Department of Neuroscience, Biomedicine and Movement Sciences, University of Verona, Strada le Grazie, 8, Verona 37134, Italy.
Department of Experimental Psychology, Ghent University, Ghent, Belgium; School of Psychology, Keele University, United Kingdom.
Neuroimage. 2024 Feb 1;286:120514. doi: 10.1016/j.neuroimage.2024.120514. Epub 2024 Jan 9.
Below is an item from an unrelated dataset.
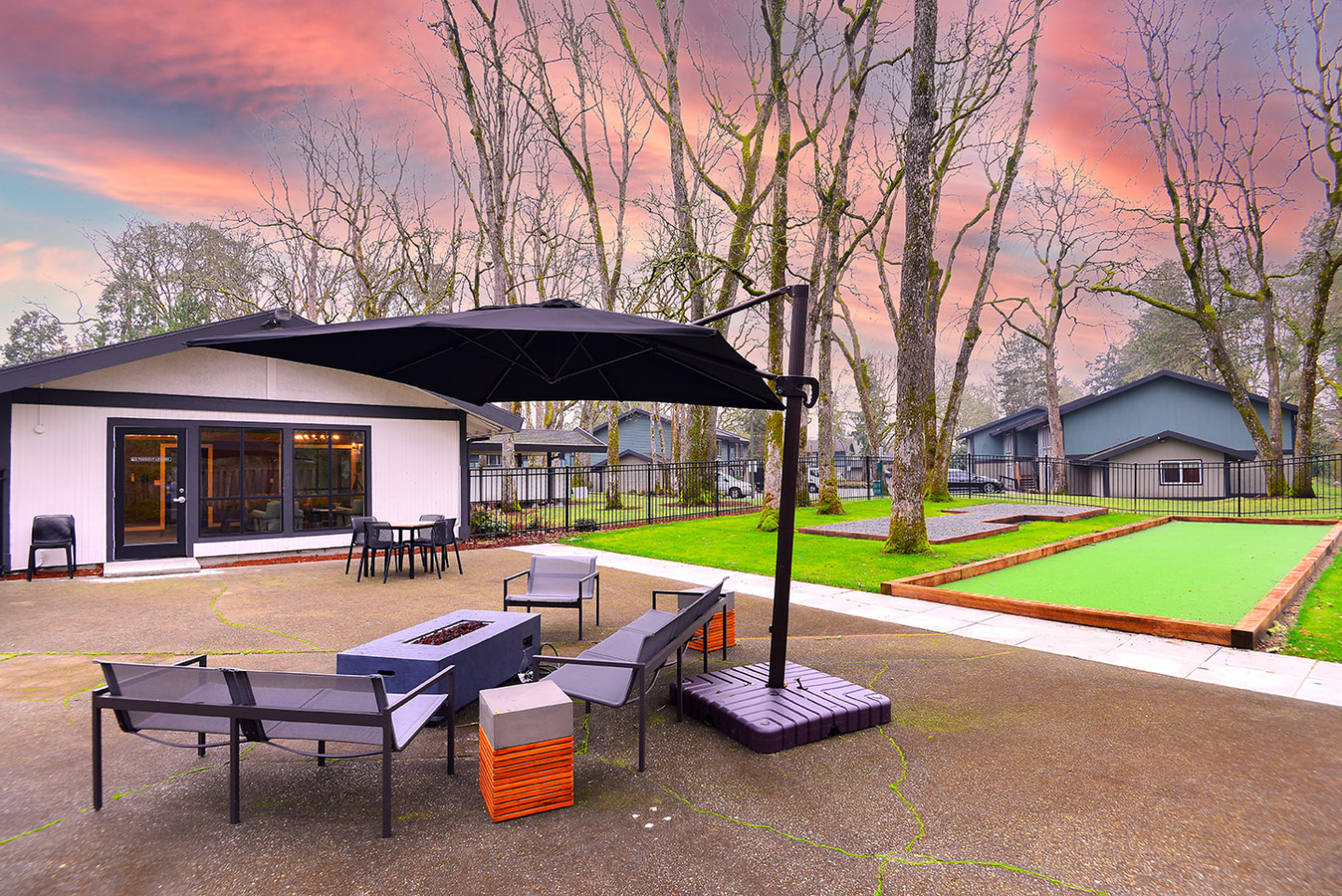 Timbre Apartments Image 16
Visual attention can be guided by statistical regularities in the environment, that people implicitly learn from past experiences (statistical learning, SL). Moreover, a perceptually salient element can automatically capture attention, gaining processing priority through a bottom-up attentional control mechanism. The aim of our study was to investigate the dynamics of SL and if it shapes attentional target selection additively with salience processing, or whether these mechanisms interact, e.g. one gates the other. In a visual search task, we therefore manipulated target frequency (high vs. low) across locations while, in some trials, the target was salient in terms of colour. Additionally, halfway through the experiment, the high-frequency location changed to the opposite hemifield. EEG activity was simultaneously recorded, with a specific interest in two markers related to target selection and post-selection processing, respectively: N2pc and SPCN. Our results revealed that both SL and saliency significantly enhanced behavioural performance, but also interacted with each other, with an attenuated saliency effect at the high-frequency target location, and a smaller SL effect for salient targets. Concerning processing dynamics, the benefit of salience processing was more evident during the early stage of target selection and processing, as indexed by a larger N2pc and early-SPCN, whereas SL modulated the underlying neural activity particularly later on, as revealed by larger late-SPCN. Furthermore, we showed that SL was rapidly acquired and adjusted when the spatial imbalance changed. Overall, our findings suggest that SL is flexible to changes and, combined with salience processing, jointly contributes to establishing attentional priority.
视觉注意力可以通过环境中的统计规律来引导,而人们可以从过去的经验中(统计学习,SL)隐含地学习这些规律。此外,一个知觉上显著的元素可以通过自下而上的注意力控制机制自动吸引注意力,获得处理优先级。我们的研究目的是调查 SL 的动态,以及它是否与显著性处理叠加地塑造注意力目标选择,或者这些机制是否相互作用,例如一个机制会阻止另一个机制。因此,在一个视觉搜索任务中,我们在位置上操纵目标频率(高 vs. 低),而在某些试验中,目标在颜色方面是显著的。此外,在实验中途,高频位置变为对侧半视野。同时记录 EEG 活动,特别关注与目标选择和后选择处理分别相关的两个标记:N2pc 和 SPCN。我们的结果表明,SL 和显著性都显著提高了行为表现,但它们也相互作用,在高频目标位置上显著性效应减弱,显著目标的 SL 效应较小。关于处理动态,显著性处理的益处在目标选择和处理的早期阶段更为明显,表现为更大的 N2pc 和早期 SPCN,而 SL 则在后期调制了潜在的神经活动,表现为更大的晚期 SPCN。此外,我们表明,当空间不平衡发生变化时,SL 可以快速获得和调整。总的来说,我们的发现表明,SL 是灵活的,可以适应变化,并与显著性处理相结合,共同有助于建立注意力优先级。